Falling property-tax collections will create gaps starting next year in the "hundreds of millions of dollars" for cities and townships, said Eric Scorsone, senior economist for the Michigan Senate Fiscal Agency.

Michigan counties reimburse local governments for unpaid property taxes and charge fees and interest as the county attempts to collect delinquent amounts for three years, Scorsone said. If the county cannot collect, the city or township can be billed for the uncollectable tax value.

Scorsone said the financial liability is "certainly going to be a big number and it's going to hit a lot of places that aren't aware of the problem."

"A lot of governments are going to get squeezed pretty hard," Scorsone said.

The fall in property-tax collections comes even as Michigan is beginning to emerge from a long economic slump.

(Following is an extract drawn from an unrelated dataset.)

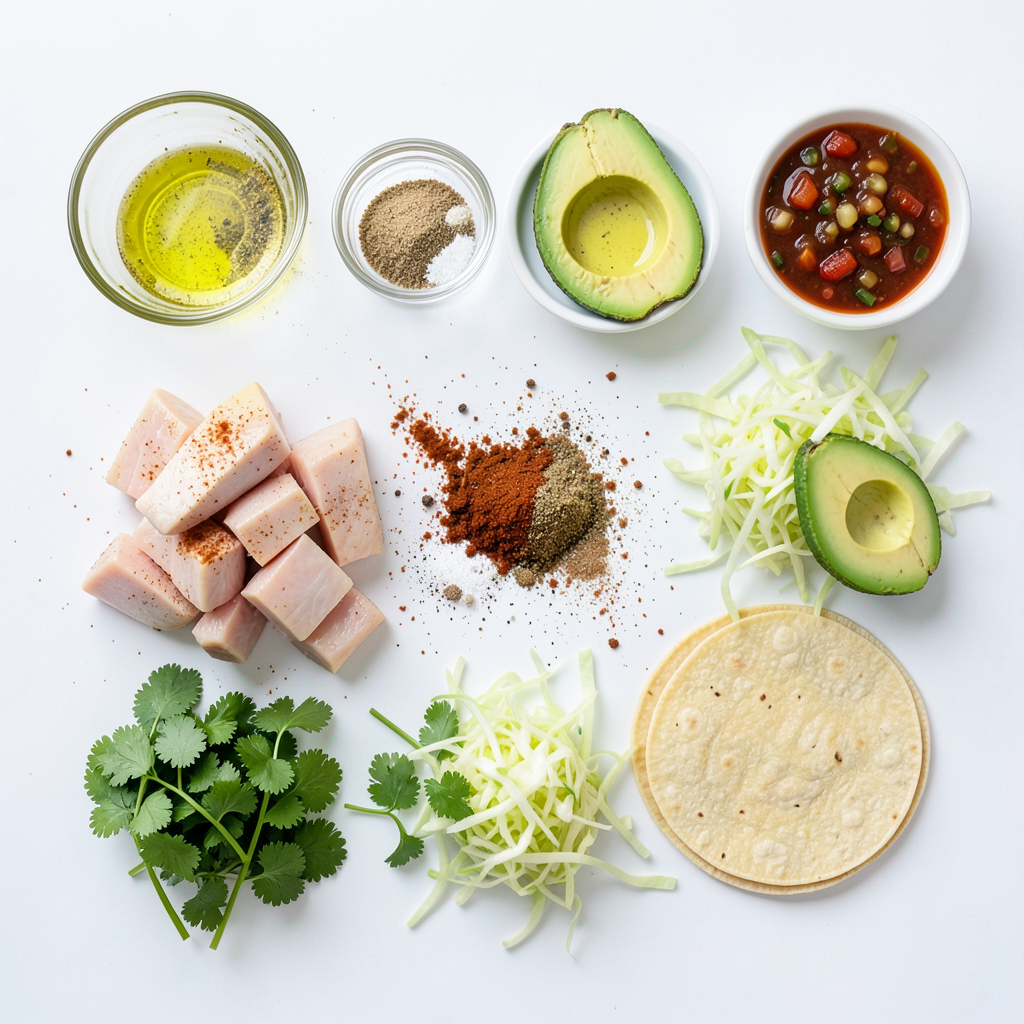 Ingredient Image 1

The University of Michigan on Nov. 19 forecast a net increase in jobs in 2011, the first gain in more than a decade. The state's economic activity in September reached its highest level since June 2008, driven by resurgent manufacturing, according to a Comerica Bank report.

Dangerous mix

Meanwhile, the combination of foreclosures, falling tax revenue and unfunded municipal pension liabilities is becoming unmanageable, said Charles Moore, senior managing director at Conway MacKenzie Inc., which works with municipalities on financial restructuring.

"I think there's a very high likelihood we'll see defaults in 2011 and I expect it will only increase in 2012 and 2013," said Moore, who is based in Birmingham, Michigan, a Detroit suburb.

Communities are trying to persuade the Legislature to refinance their bond debt that was initially sold on the assumption that property values -- and property taxes -- would continue to increase at pre-2008 levels, Minnick said.

"I hope we can do the refinancing so we can prevent defaults. I don't know if, at the end of the day, that will be enough," she said.